→ **Data provided**

______

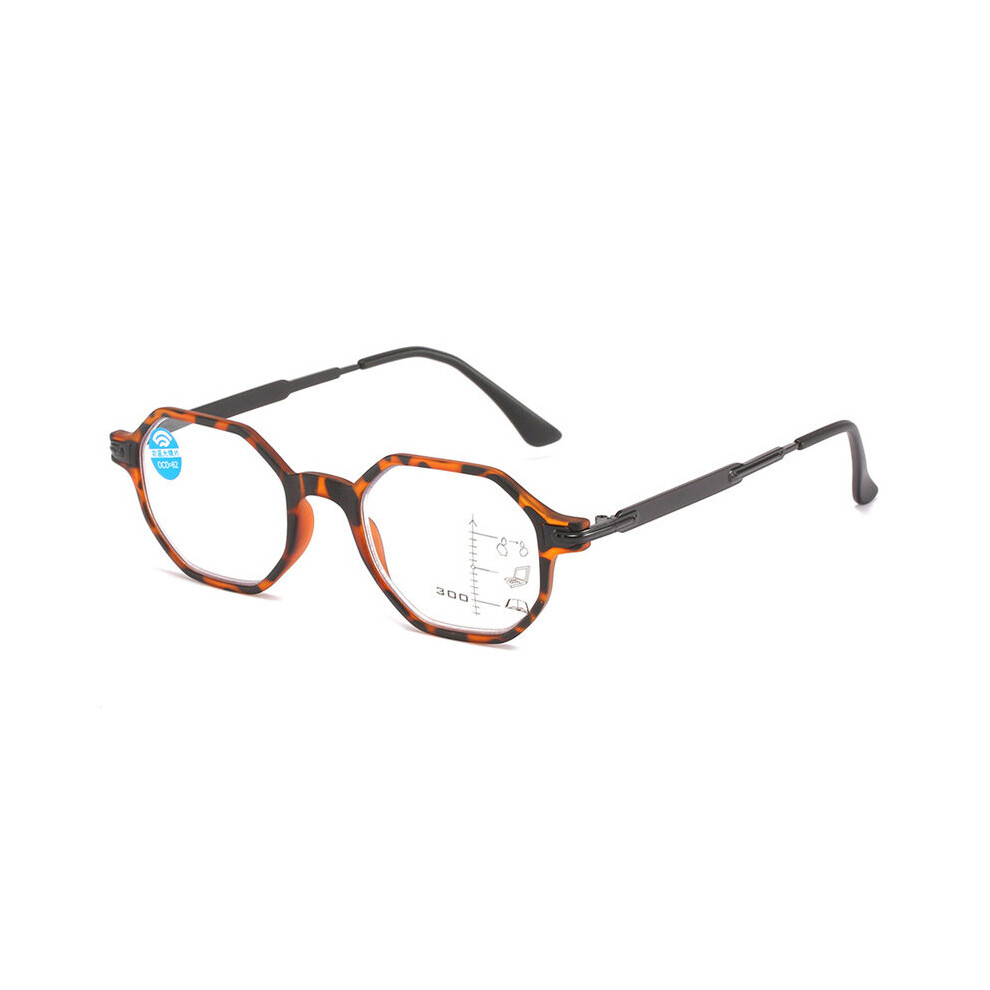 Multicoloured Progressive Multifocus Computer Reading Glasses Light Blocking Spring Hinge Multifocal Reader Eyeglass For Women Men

______

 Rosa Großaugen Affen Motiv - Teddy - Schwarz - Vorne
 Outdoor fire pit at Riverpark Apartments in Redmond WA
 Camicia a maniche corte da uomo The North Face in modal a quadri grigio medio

______

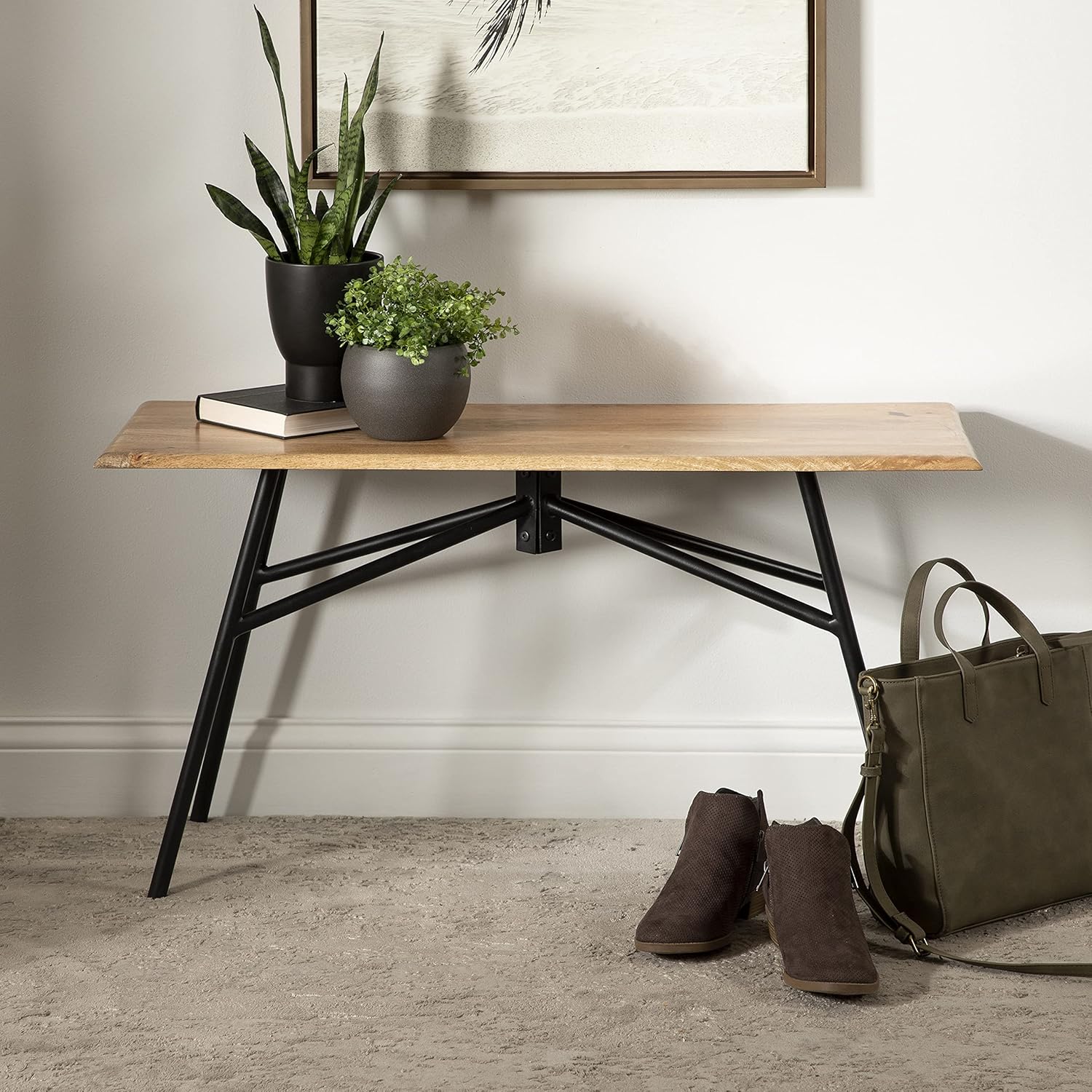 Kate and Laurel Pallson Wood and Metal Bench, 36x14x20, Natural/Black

______

→ **What is being asked**
An exact, complete copy of the lines above from the one with "Outdoor fire pit" through the one with "Camicia a maniche" is the whole answer.

→ **Answer box**
 Outdoor fire pit at Riverpark Apartments in Redmond WA
 Camicia a maniche corte da uomo The North Face in modal a quadri grigio medio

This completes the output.